An Overview of the F-22 Platform

Created as a result of the U.S. Air Force’s Advanced Tactical Fighter (ATF) program in the early 1980s, the Lockheed Martin F-22 Raptor was crafted to combine the abilities of an air superiority fighter with ground attack, signal intelligence, and electronic warfare capabilities. During the height of the Cold War new aerial threats were emerging, which pushed the USAF’s momentum to achieve an air superiority fighter further.

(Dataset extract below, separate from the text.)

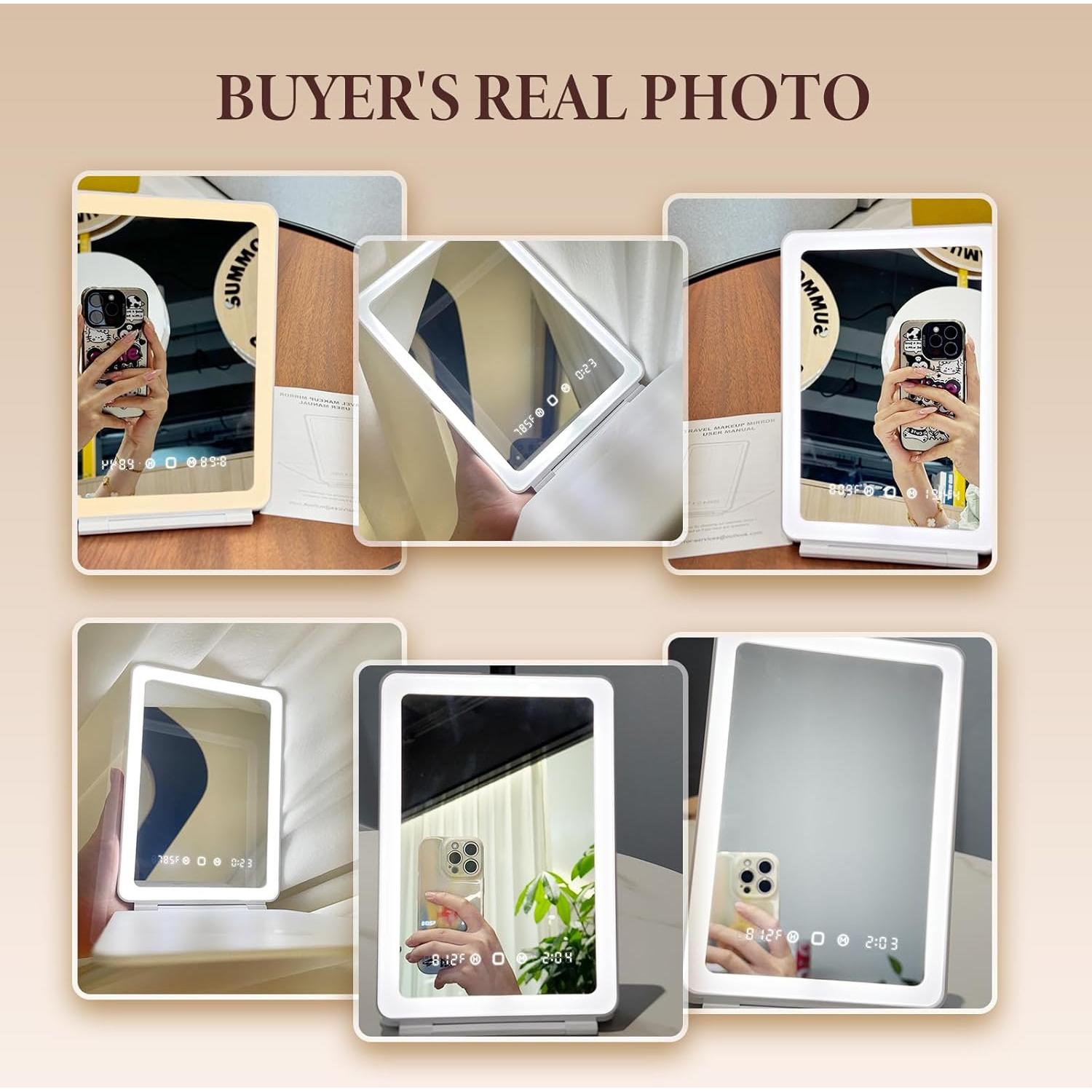 Espejo de Maquillaje Plegable Zemmys 20.32x13.46cm LED Táctil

The Soviet Union was developing its Sukhoi Su-27 “Flanker” and Mikoyan MiG-29 “Fulcrum” fighters to counter the American-made F-15 Eagle and F-16 Fighting Falcon platforms. China’s People’s Liberation Army (PLA) was also moving forward with improved jet designs at this time. At this point, the USAF was concerned that its existing fleet of fighters could operate at a “mission deficiency” in the future since America’s Russian and Chinese adversaries were advancing their own platforms. 

Of All the Raptor’s Capabilities, its Invisibility Sets It Over the Edge 

The most prominent feature the Raptor possesses is perhaps its small radar cross-section, making it five-to-ten times less observable than the F-35 Lightning II. An actual incident involving a Raptor was detailed in a Sandboxx News report.

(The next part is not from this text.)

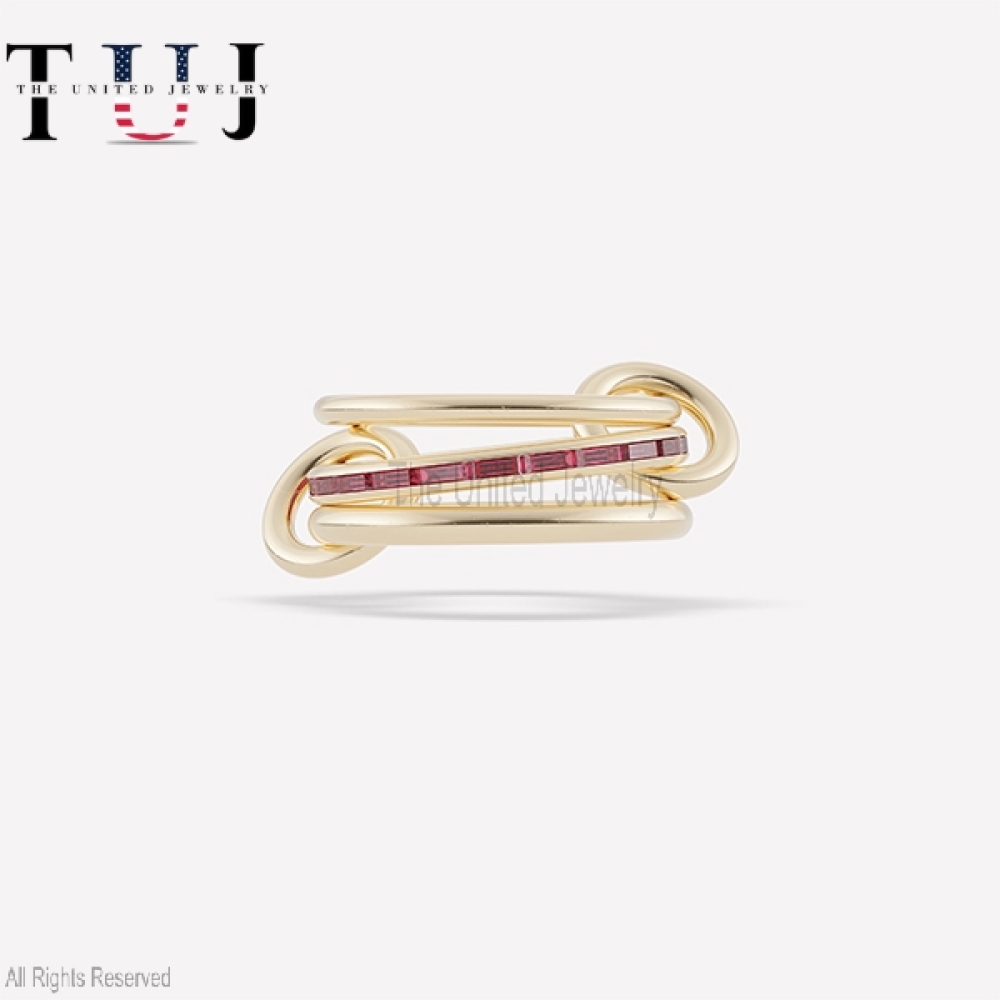 Handmade 925 Sterling Silver Ruby Baguette Band Link Ring Jewelry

During this 2013 incident, a Raptor was flying alongside an American MQ-1 drone, and “The F-22 pilot, Lt. Col. Kevin ‘Showtime’ Sutterfield, was able to take his F-22 right up to one of the Iranian fighters entirely undetected, fly below the offending jet to inspect its weapons load, and then pull up alongside the Phantom to tell him, ‘You really ought to go home.’ The panicked Iranian pilot, along with his wingman, suddenly realizing they were in the presence of an aircraft full generations ahead of theirs in capability, both bugged out despite their numbers advantage.”

The Raptor is powered by two Pratt & Whitney F119-PW-100 turbofan engines that can produce a total thrust of around 70,000 pounds. Its engines’ thrust vectoring capabilities allow the fighter to outperform any other airframe in a dogfight. Weapons-wise, the Raptor can pack a punch.

The jet’s larger frame allows for three internal weapons bays. In a stealth configuration, the Raptor can pack two Aim-9 Sidewinder air-to-air missiles and six Aim-120 AMRAAM radar-guided air-to-air missiles in its side weapons bay at the same time, while carrying 2 AIM-120 AMRAAM and two GBU-32 JDAM bombs in its center weapons bay. While the airframe’s potential weapons storage is impressive, the weight of additional munitions impacts how stealth it is. 

The Air Force sought to retire its older-model F-22 airframes over the summer, claiming the expensive upkeep was not worth it. However, democrats and republicans alike on the House Armed Services Committee collaborated in an effort to save the Raptors.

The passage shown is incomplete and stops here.